Are your ideas helpful or hand grenades?

Be a disruptor, not disruptive.

Ideas can he helpful or hurtful in a team.

It can be confronting having others make improvement suggestions about our work. Some colleagues are very comfortable dishing it out, so free and generous with their commentary and improvement ideas.

It can feel like an attack sometimes.

Other people find suggestions hard to hear and harder to say, with good reason. It can feel personal, deflating and hurtful to be on the receiving end of some ideas. Triggering for some (including me in the past).

More trust in your team

I was on a Communication Leadership Team a while ago. We worked closely together on projects and stuff. But we were more of a group than a team. We lacked trust and alignment.

It was tough going. Our shared goal was to modernise years of outdated communication practices and channels in a large and old fashioned business.

To move forward we had a shared agreement that we were able to challenge or critique our peers, but only constructively.

We were to be disruptors, not be disruptive.

Over time we became more measured with our suggestions, more forgiving of each other. We grew more trust and worked more as a team than as a group. A really surprising result from a simple rule.

Helpful

Disruptors deliver their criticism with an alternative idea or way of doing things. They build on existing ways with a new way, which might be better, more efficient or cheaper. They empower their peers with solutions. Disruptors are constructive: they are helpful and build trust and collaboration.

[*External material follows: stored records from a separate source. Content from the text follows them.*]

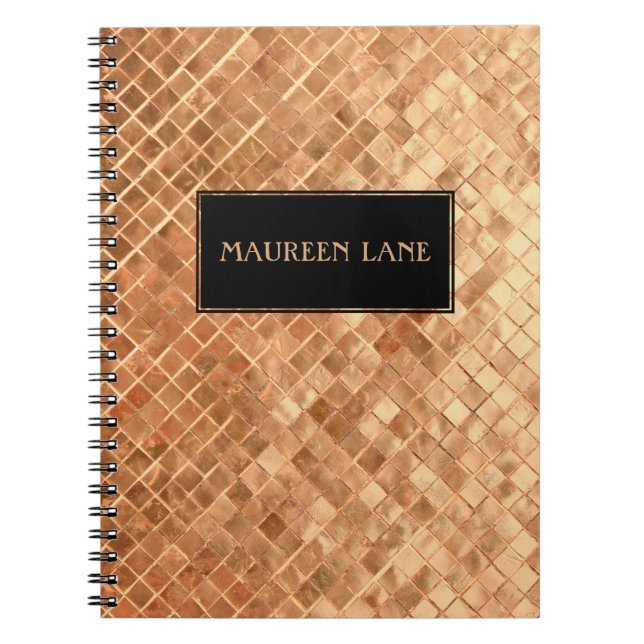 Carnet Apparence métallisée or rose personnalisée (Devant)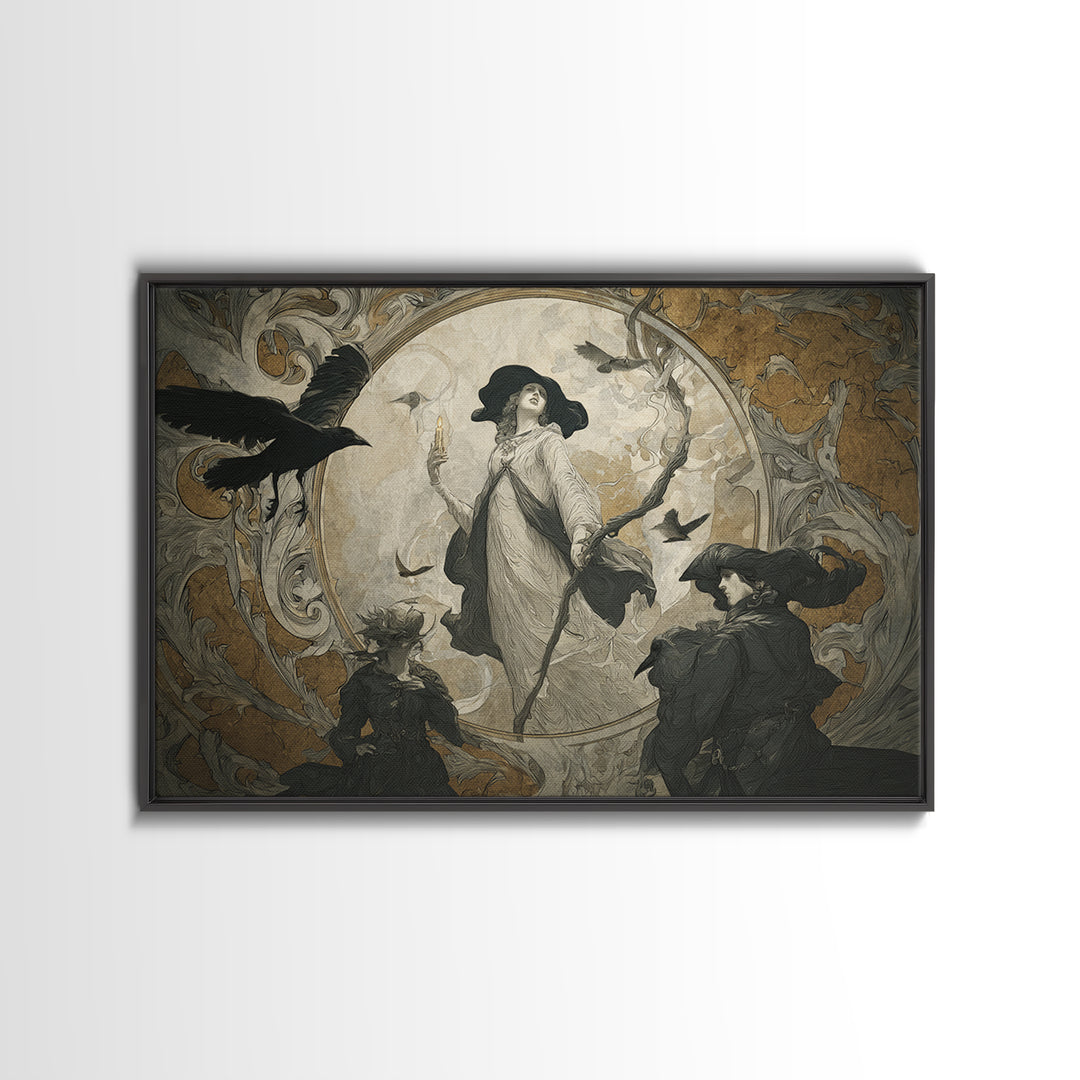 Art Nouveau Witchcraft, Symbolist Gothic Landscape, Landscape Wall Art, Gothic Horror Wall Art, Framed Canvas Print, Halloween Wall Art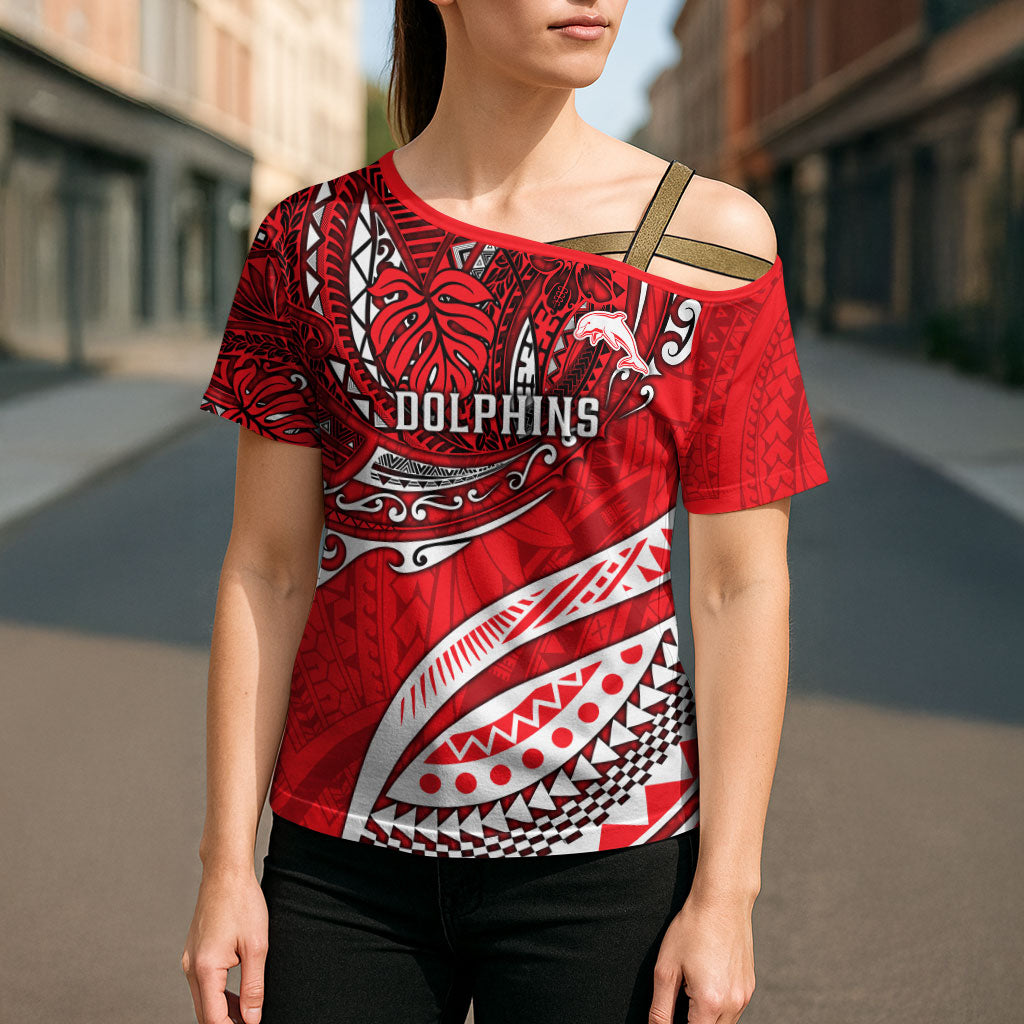 Personalised Dolphins Cross Shoulder Shirt Polynesian Tribal Art Style With Muscular Dolphin Mascot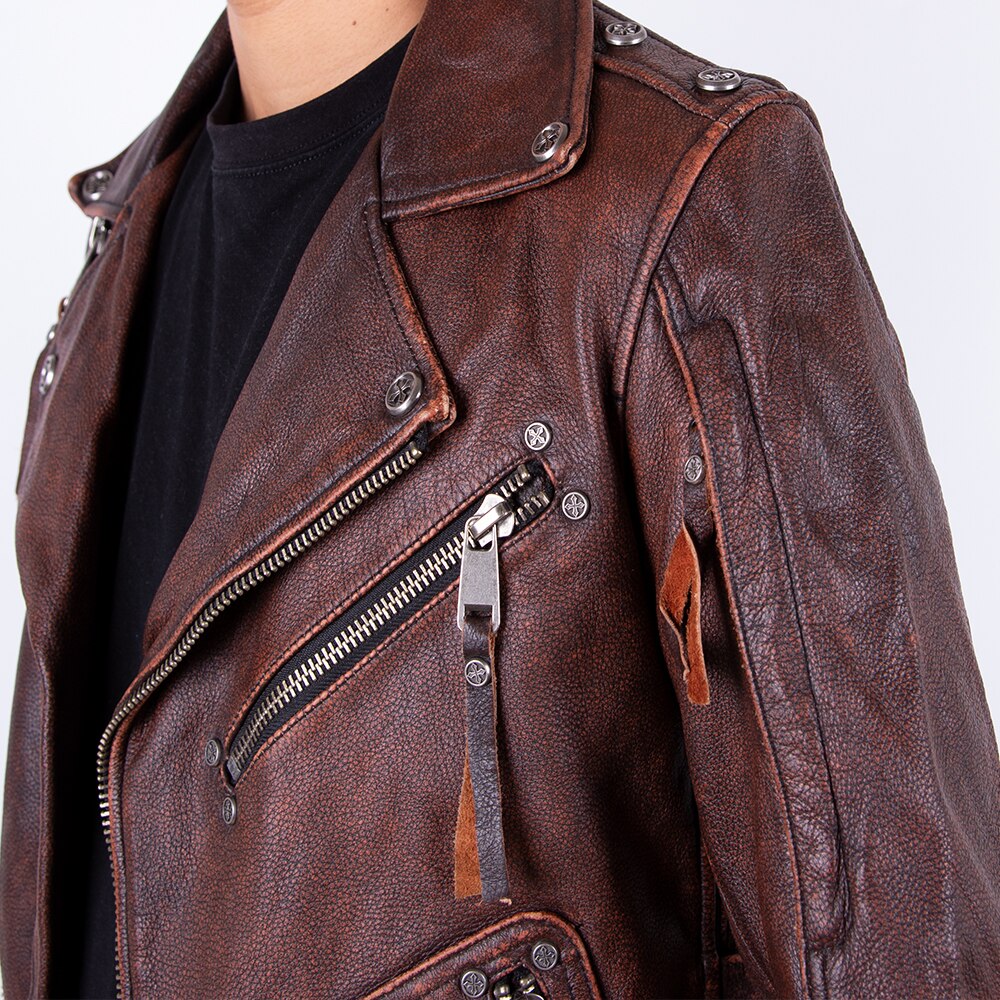 Brown genuine leather jacket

Then there is the flipside.

Hurtful

When criticism is delivered without a suggestion it feels purely disruptive. This type of criticism sends the message that the person or team is not doing a good job. These moments can be harmful and hurtful. They don’t empower. They are disruptive: like throwing a hand grenade. They impact morale, trust and reduce psychological safety in the team.

These three things:

Next time you want to make a suggestion, try asking yourself these three questions first:
Q: How does my suggestion build on the existing way?
Q: What value does my criticism bring (faster, safer).
Q: What is the most helpful way to have this conversation (in-private, group setting).